The literacy rate in
Bangladesh is approximately 41%. There is gender disparity, though, as
literacy rates are 50% among men and 31% among women, according to a
2004 UNICEF estimate.
Poverty and illiteracy have fuelled the
growth of the sex trade in Bangladesh. Gender discrimination and
ignorance, lack of formal education and other factors has led to
vulnerable women and children being lured into the sex trade.
Safe Home for Girls was established in 1999 to provide a safer living
environment for young girls who were living in the Goalundo brothel.

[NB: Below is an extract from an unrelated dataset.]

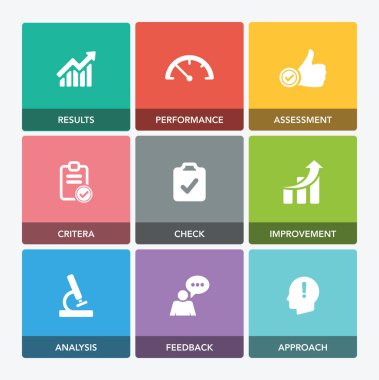 Değerlendirme Icon Set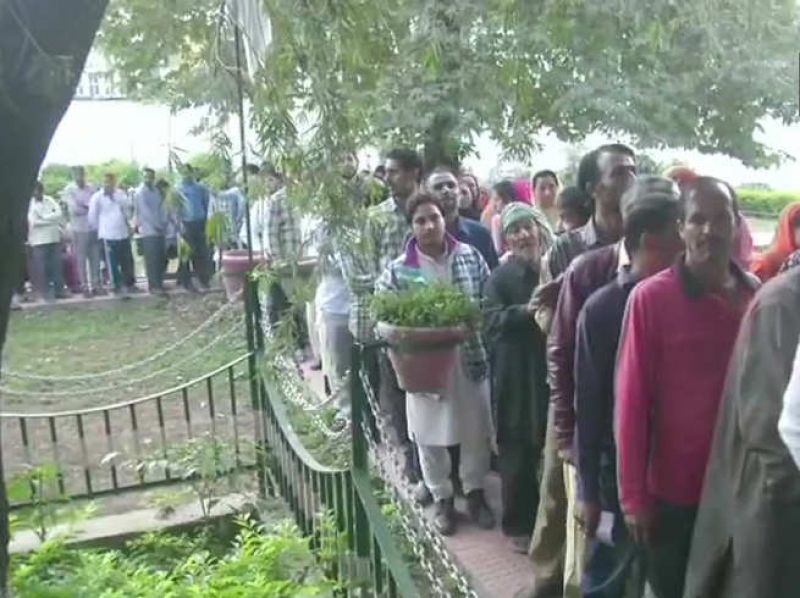 The queue Of Voters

Currently there are 150 girls living at the Safe Home, in response to
the vulnerable situation they find themselves in. They are not in a
position to defend any of their most basic human rights – they have no
protection and care from the potential exploitation of the sex market,
and cannot access government services such as healthcare, and primary
schooling. Until Save the Children Australia started work, they were
overlooked and isolated by mainstream society.
Project Partners/Community Involvement:
Project Implementation Committee (PIC) includes parents of the Safe
Home residents, local government officials and community members. This
Committee has been involved throughout the project, both in designing
it and overseeing its implementation.
How this fits the larger strategy of Save the Children:
the Children Australia requires that projects have direct benefits for
children in their communities. Currently, Save the Children is focusing
on working for the benefit of children in 3 sectors: Health, Education
and Child Protection. The Safe Home project is part of Save the
Children Australia’s Child Protection program, which aims to develop
ways to ensure children are not subject to exploitation or abuse. The
project also relates to the Education sector, by enabling Safe Home
residents to attend school.
The Safe Home project is linked to
another project, which aims to provide alternative options for women
working in the Daulatdia Brothel and to change community attitudes and
behaviours towards commercial sex workers.